Methods: This study drew on data from five scoping reviews conducted between 2022 and 2024, covering diverse topics in the context of digital health. Maintaining the imbalance of each scoping review, subsets of 2,500 records per review were created, except for one review with a smaller dataset. Rayyan was trained on a random sample of at least 50 records with at least five inclusions. Record decisions were based on the gold standard of two independent human reviewers. Ratings were computed, records ranked and inclusion/exclusion predictions noted at each 10% screening advancement. Rayyan’s performance and prioritization efficiency was calculated using Stata V.16.

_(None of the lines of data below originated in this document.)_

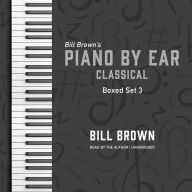 Piano by Ear: Classical Box Set 3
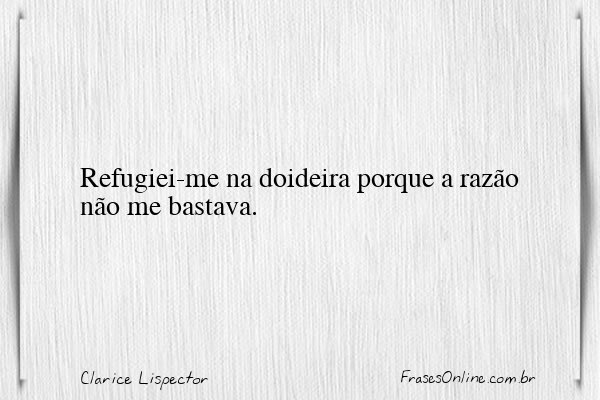 Frase de Clarice Lispector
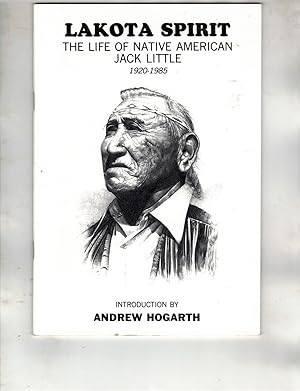 Seller image for Lakota Spirit: The Life of Naive American Jack Little 1920-1985 for sale by Wickham Books South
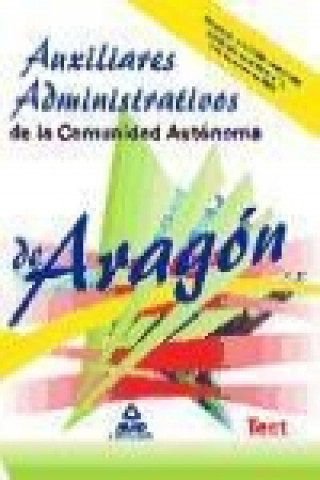 Könyv Auxiliares Administrativos, Comunidad Autónoma de Aragón. Test Juan Desongles Corrales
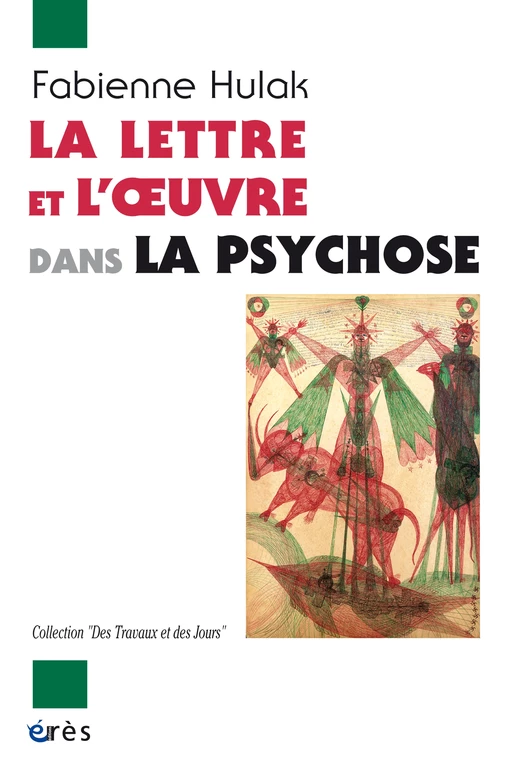 La lettre et l'oeuvre dans la psychose - Fabienne Hulak - Eres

Results: Although Rayyan made no prediction about inclusion, it efficiently prioritized records, identifying 95% of relevant records within the first 50% screened across all scoping reviews. After screening 20% of records, Rayyan predicted the exclusion of 65%, with additional predictions made in later stages. Initially challenged by borderline cases, Rayyan’s predictive accuracy improved throughout the screening process and the ranking of individual records became increasingly stable.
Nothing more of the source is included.